Download or read book Modernism and Still Life written by Tobin Claudia Tobin and published by Edinburgh University Press. This book was released on 2020-03-02 with total page 362 pages. Available in PDF, EPUB and Kindle. Book excerpt: Explores the 'still life spirit' in modern painting, prose, dance, sculpture and poetryChallenges the conventional positioning of still life a 'minor' genre in art historyProposes a radical alternative to narratives of modernism that privilege speed and motion by revealing forms of stillness and still life at the heart of modern literature and visual cultureProvides the first study of still life to consider the genre across modern literature, visual cultures and danceUncovers connections and cultural exchange between networks of European and American artists including the Bloomsbury Group and Wallace StevensThe late nineteenth and early twentieth centuries have been characterised as the 'age of speed' but they also witnessed a reanimation of still life across different art forms.

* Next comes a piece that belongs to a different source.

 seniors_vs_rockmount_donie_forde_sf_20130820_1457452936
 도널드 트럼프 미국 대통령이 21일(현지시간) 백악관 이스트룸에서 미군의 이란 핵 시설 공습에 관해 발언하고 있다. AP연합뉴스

This book takes an original approach to still life in modern literature and the visual arts by examining the potential for movement and transformation in the idea of stillness and the ordinary. It ranges widely in its material, taking Czanne and literary responses to his still life painting as its point of departure. It investigates constellations of writers, visual artists and dancers including D. H. Lawrence, Virginia Woolf, David Jones, Winifred Nicholson, Wallace Stevens, and lesser-known figures including Charles Mauron and Margaret Morris. Claudia Tobin reveals that at the heart of modern art were forms of stillness that were intimately bound up with movement: the still life emerges charged with animation, vibration and rhythm; an unstable medium, unexpectedly vital and well suited to the expression of modern concerns.